─── Information given ───

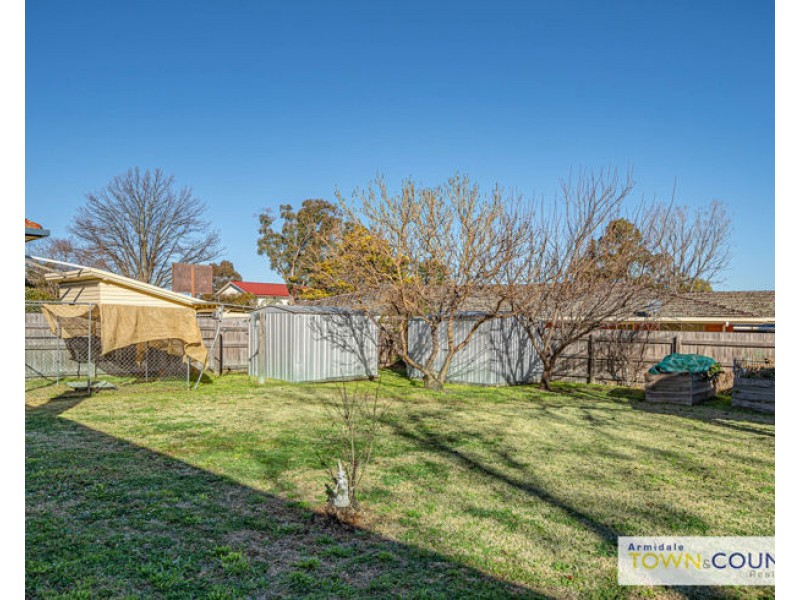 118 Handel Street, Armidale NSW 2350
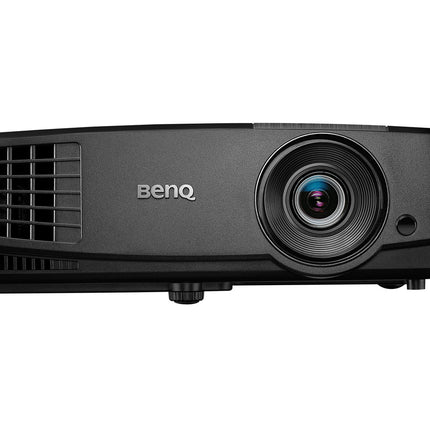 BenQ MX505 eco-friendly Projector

───
─── Information given ───

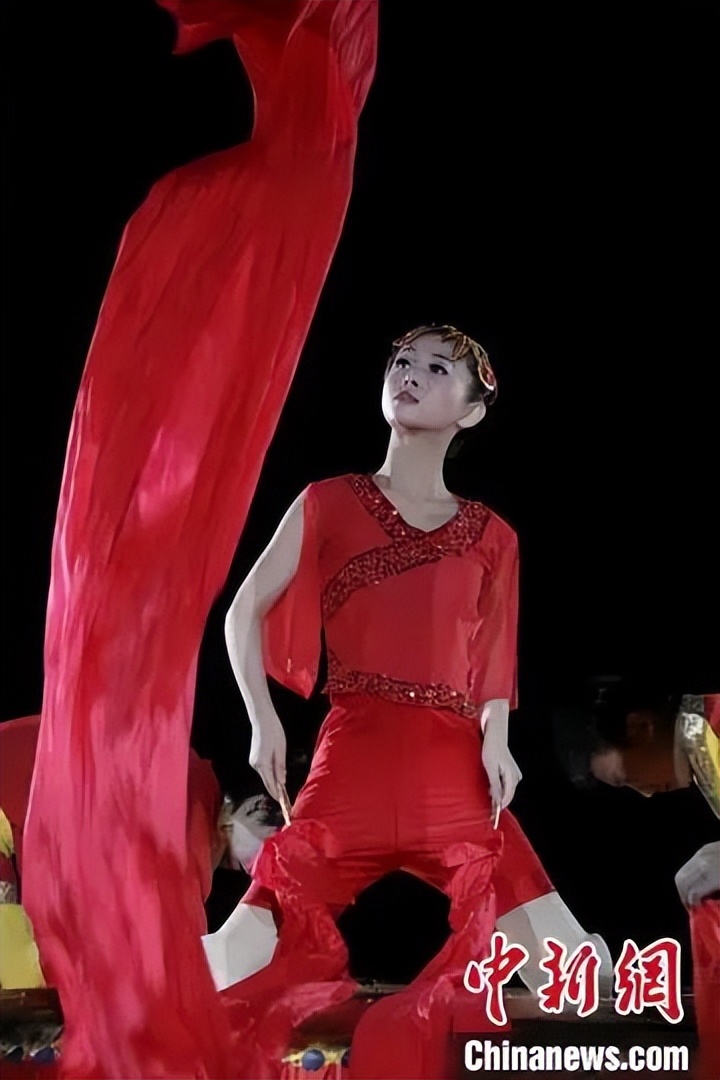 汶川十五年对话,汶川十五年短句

───

## Activity
Above are records with pictures. Reproduce exactly only the lines from the line with "118 Handel Street, Armidale NSW 2350" through the line with "BenQ MX505 eco-friendly Projector", both ends included, and leave the pictures out.

## Result of the exercise
 118 Handel Street, Armidale NSW 2350
 BenQ MX505 eco-friendly Projector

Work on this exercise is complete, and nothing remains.